We spent our only full day in Rio Grande, Ohio visiting the exhibits at the Bob Evans farm (after we had our first ever Bob Evans restaurant breakfast at the restaurant located in front of the farm). Then we visited the nearby town of Gallipolis, Ohio. We came here, not because we were highly interested in the farm or the restaurant history, but because it offered us an excuse to find a different way to head south. It turned out to be a very interesting look at success from hard work and principals of corporate management before the greed that has generated our current crop of corporate failures in pursuit of the quick buck.
The restaurant and farm business was started by the son and Uncle of Welsh immigrants, whose focus was to provide a service to the public in a fair way that would also allow them to have reasonable profit. The business grew rapidly over the years with Robert “bob” Evans the visible spokesman and long time president of the company. It remains a success story after wisely resisting an attempted takeover from a large food industry conglomerate.
Reviewing the history of the family and business, you come away with a respect for the way the business has been operated, even if you are not a fan of the product. It is a family business success story and a visit to its home is worth the trip.
Also on the farm is the remaining building of a nearby community that dated from the revolutionary war period –Adamsville. The founder was Adam Rickabaugh, who fought on the revolutionary war and is buried in a cemetery also located on the Evans farm.
We also visited the nearby town of Gallipolis, Ohio, which was founded by a group of 300 to 400 French middle class settlers escaping the results of the French revolution in the late 1700’s. They made a success of the venture and the town today looks like many of the other Ohio River towns except with a distinctive French flare. The town is well known for its many Greek revival buildings. Also of interest is the fact that in the early 1800’s six Welsh Families arrived and seeing the possibilities encouraged other Welsh families to immigrate to the area.

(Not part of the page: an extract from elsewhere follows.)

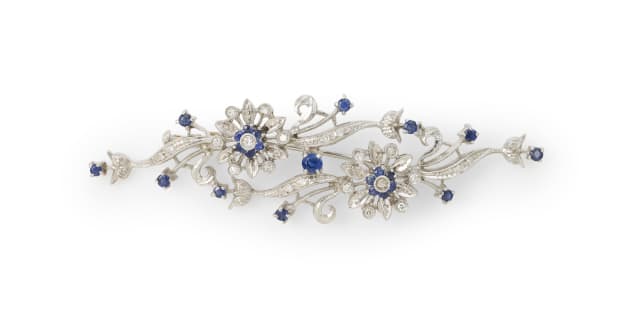 Floral sapphire and diamond brooch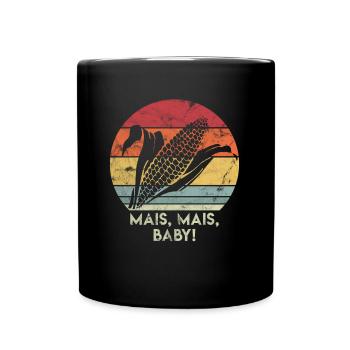 Vintage Retro Mais Mais Baby Geschenk für Framer - Tasse einfarbig - Schwarz - Vorne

Today, there are many families in the area descended from these Welsh immigrants, particularly in the Rio Grande area.
After several weeks of hectic activity, we are underway for our winter trip south and west. We have plans for this to last somewhere between five and seven months. These weeks have included showing the house a surprising number of times, getting the car and motorhome serviced, and getting the last doctor and dental visits out of the way.
In between these items and trying to develop a proper list of things to take along, we did manage to get a few walks in the local parks to enjoy the fall colors and visit the Apple Butter festival in Grand Rapids, Oh. This last, we thought would be a small event and were quite surprised to find ourselves among thousands of people wandering around the crafts and demonstrations in this small river side village.
We knew it was definitely time to leave when we awoke yesterday morning to find our maple tree in the front yard had turned literally over night.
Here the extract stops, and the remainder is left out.